Os Pobres - Cap. 1: Carta-Prefácio Pág. 16 / 158

Reze o triunfo do amor, a alegria ascendente da natureza, a marcha épica da vida pelo caminho eterno, que não tem fim. Reze chorando, mas lágrimas fecundas, que façam parir a terra, palpitar o seio e germinar a semente. Lágrimas de aurora, orvalho vivo e criador. Rezar e chorar, mas heroicamente, na acção e na luta, no mundo e para o mundo. Rezar, como Nuno Álvares, entre o fogo ardente da batalha.

Enganam-se os que vão para Deus, voltando as costas à natureza. Quem se quiser salvar, há-de salvar os outros.

Quem renegar a natureza, renega Deus. A ascese egoísta, eis o ateísmo verdadeiro. A imobilidade é sacrílega, a escuridão é sacrílega, o silêncio é sacrílego.
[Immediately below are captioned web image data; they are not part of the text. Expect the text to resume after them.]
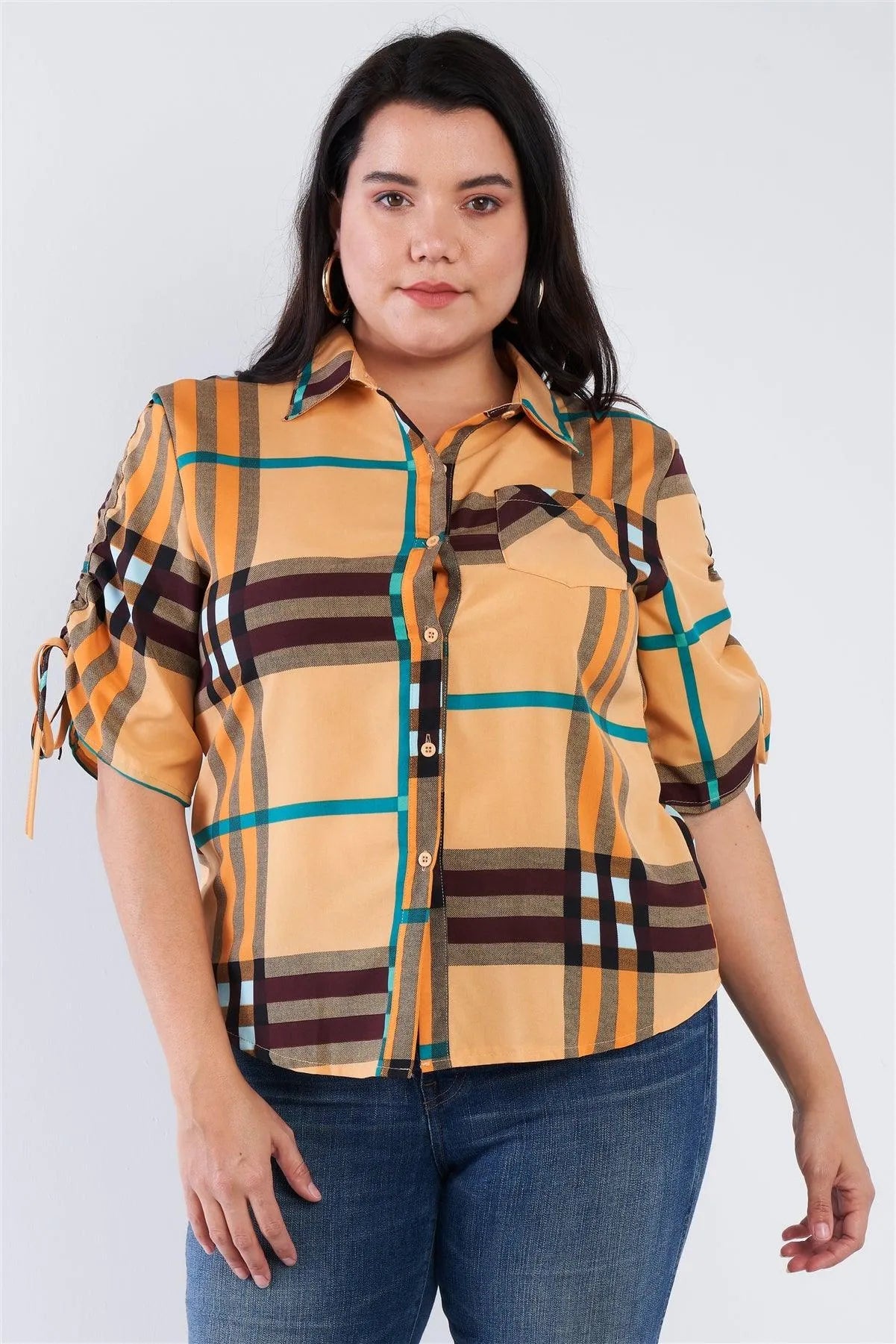Junior Plus Size Mustard Yellow Plaid Multi Stripe Cinched Sleeve Button Down Top /2-3-2 - Tasha Apparel Wholesale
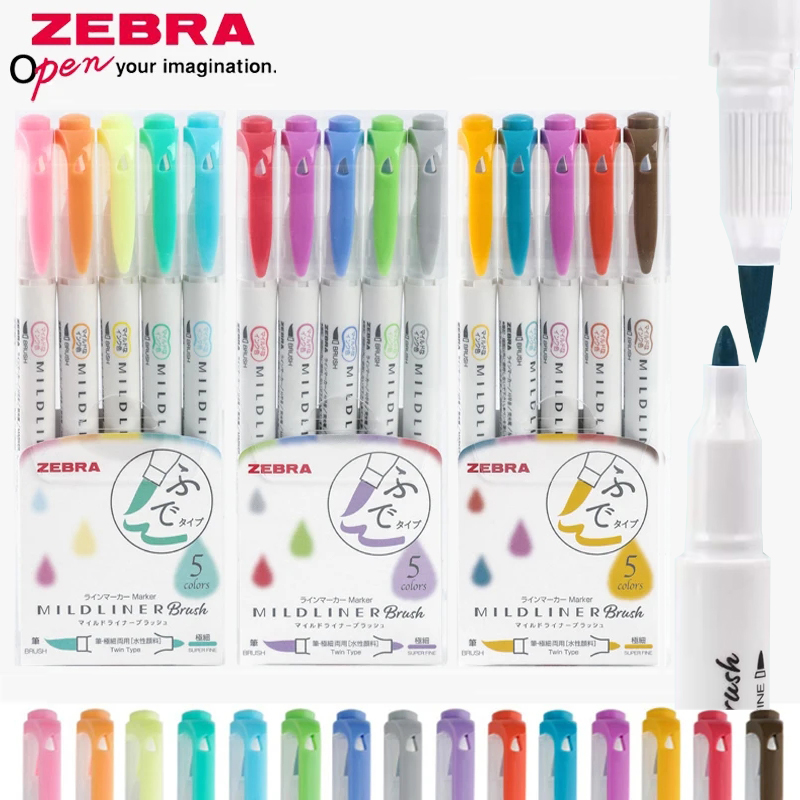 Zebra Pen Sarasa - ゼブラマイルドライナー蛍光ペンセット、日本の文房具、両端ソフトブラシ、水性マーカー、画材、wft8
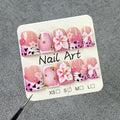 10Pcs Cute Leopard French Tip Press on Nails Handmade Fake Nails with 3D Flower Bow Design Short Duck False Nail Handmade Acrylic Nails Press ons Reusable Pink Flower Stick on Nails for Women (S)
A vida é som, é luz, é movimento. A vida marcha por abismos, trágica e formidável, mas ruidosa e sinfónica, vestida de luz e de mil cores. Amortalhá-la de negro, arrancar-lhe a língua, para que não cante, e os olhos, para que não deslumbre e não dardeje, é como se lhe cravássemos no coração uma facada sinistra. O quietismo beato, apagando o universo, apaga Deus. Quietismo e niilismo, – dois zeros, dois sinónimos. O frade católico, na concha da mão, exangue e paralítica, sustenta uma caveira. o nada olhando o não ser. O monge ideal, na dextra poderosa, em vez da caveira, tem um globo de oiro constelado. Tem o universo. É o monge futuro.

Seja ele o tipo a que se encaminhe, embora de longe, a nossa fé e a nossa arte. Rezemos, vivificando e sublimando. Arte criadora, que seja pão e seja luz.

Se nos acusarem de hipócritas, deixá-los acusar; mentem. E a mentira só aos mentirosos prejudica. Se nos amesquinharem a fama e cercearem a glória, desviando de nós as multidões, que não pensam e vão para onde as levam, melhor. Os que nos querem, os que nos amam, os que nos entendem, ficarão connosco.